ACTION ITEM: For this exercise, return only the lines in the records below from the one holding "tmr_robots's tweet image." through the one holding "#EffortlessCleaning", including both, exactly as they appear and without pictures.

MATERIAL FOR THE TASK:
————————

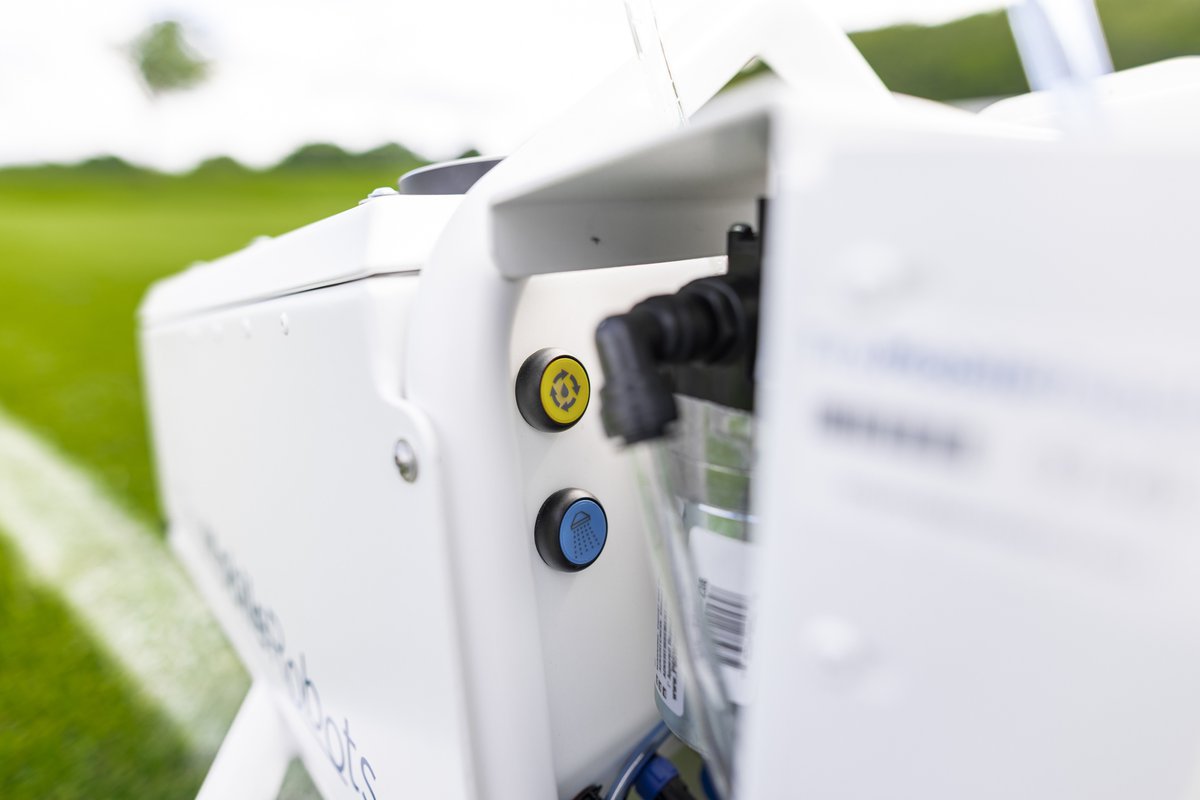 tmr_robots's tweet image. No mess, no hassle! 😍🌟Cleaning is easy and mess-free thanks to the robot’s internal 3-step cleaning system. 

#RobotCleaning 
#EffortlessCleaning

————————

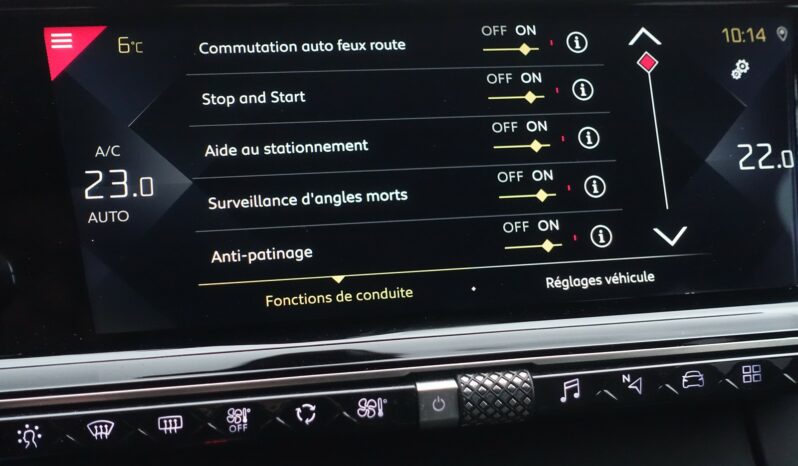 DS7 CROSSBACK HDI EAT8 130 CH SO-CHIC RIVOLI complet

————————

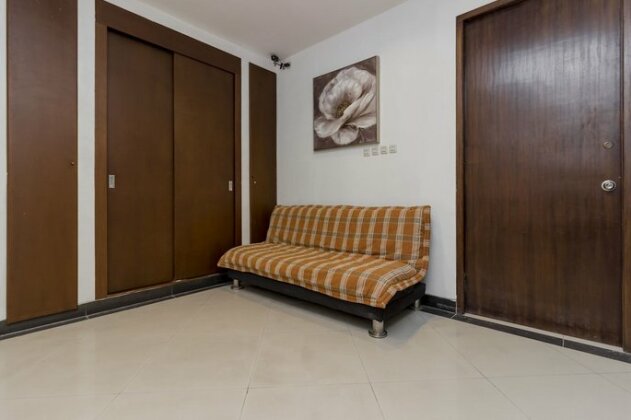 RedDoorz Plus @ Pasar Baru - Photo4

————————

RESULT OF THE TASK:
 tmr_robots's tweet image. No mess, no hassle! 😍🌟Cleaning is easy and mess-free thanks to the robot’s internal 3-step cleaning system. 

#RobotCleaning 
#EffortlessCleaning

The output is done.